Having a Single Supplier Is the Way To Go
Dipak Thakur's article, "9 Reasons To Switch to a Single Supplier System" (March 2002, p. 61), is great. I have been a proponent of this system for many years and have found it easier for the supplier and our company when we work with a single source to improve quality and reduce costs.
My company manufactures plastic shutters whose major component is a compounded resin. When I started work at this company, we had five suppliers and many problems. By reducing the number of suppliers to three, we saw some improvements, but still had some problems.
When we went to a single source system a couple of years ago, we were able to get a consistent supply of compounded resin. It has eliminated interruptions in our processes. When we see trends that indicate a change, we contact the supplier, who sends engineers to review the process and determine the cause. Then we take corrective action. Every shipment is supplied with certificates of analysis taken during the run.
Our supplier can control the materials it uses to make the compounded resin so every batch will meet our requirements.
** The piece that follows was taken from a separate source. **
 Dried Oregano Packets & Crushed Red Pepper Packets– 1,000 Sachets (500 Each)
The quality of the purchased materials our supplier uses for us is much better now because the materials can be purchased in higher volumes.
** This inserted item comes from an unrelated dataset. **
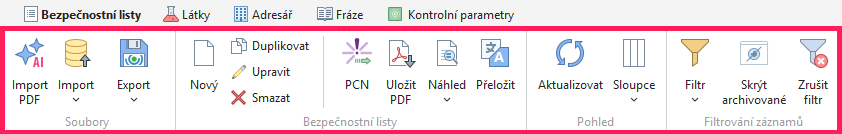 Ovládací lišta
We do keep an alternative source for emergencies. That company is aware it is a backup, but we do give it orders periodically.
JOSEPH P. CREASEY
Stop Arguing About Which Standard To Use
I have this to say about the many letters arguing the pros and cons of this system and that system, and this standard and that standard. I'm not a certified Black Belt with a background in Six Sigma, lean manufacturing or total quality management. I'm just a retired sailor who got a job as a quality manager at an automotive floor mat manufacturing facility.
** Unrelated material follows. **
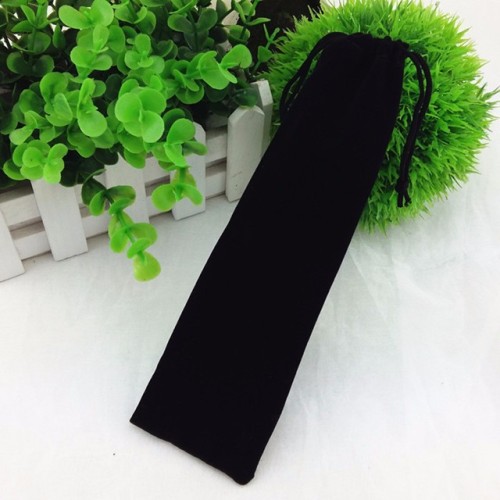 Custom Long pattern decorations black gift velvet drawstring bag promotional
When I came to this facility, no one understood the concept of procedural documentation. Procedures were available but not followed, so I immediately began creating procedures and requiring their use. When QS-9000 came along, I used it for its guidelines and as an excuse to get my procedures implemented. I did the same with ISO 14000.
It really doesn't matter which standard you use as long as you manage your people. I learned that in the U.S. Navy, and my understanding of this principle hasn't changed after 30 years of managing people.
Tell them what to do, how to do it, when to do it and why to do it, and answer their questions with honesty and integrity. Listen to their ideas and give them credit when they deserve it. Respect your people, and they will respect you. Give them the tools and equipment to do the job, and leave no doubt in their minds as to what level of performance you expect.
In this way, you'll accomplish two things: You'll have acceptable quality, and you'll meet your production goals. Either is useless without the other.
We all strive for better quality, but sometimes customers expect too much considering what they are willing to pay. It is the job of the supplier to achieve the best possible product at a price conducive to business demands. People in quality sometimes forget that.
So stop arguing about which standard will do this or that, and manage your people to the standard your industry or customers have mandated.
U.S. Navy, retired
Waycross Molded Products
Quality Has Little Use For Baseless Assertions
I find it absolutely unbelievable that a magazine and organization devoted to the field of quality would allow themselves to become the mouthpiece for left-wing extremists (Darcy Hitchcock and Marsha Willard, "Sustainability: Enlarging Quality's Mission," February 2002, p. 43). Equally as incredible is the suggestion by the authors that the terrorist attack "proves the point" for anything in this ridiculous liberal propaganda treatise. Furthermore, I would suggest Bill Clinton would be a more persuasive reference for magazine articles related to adult content.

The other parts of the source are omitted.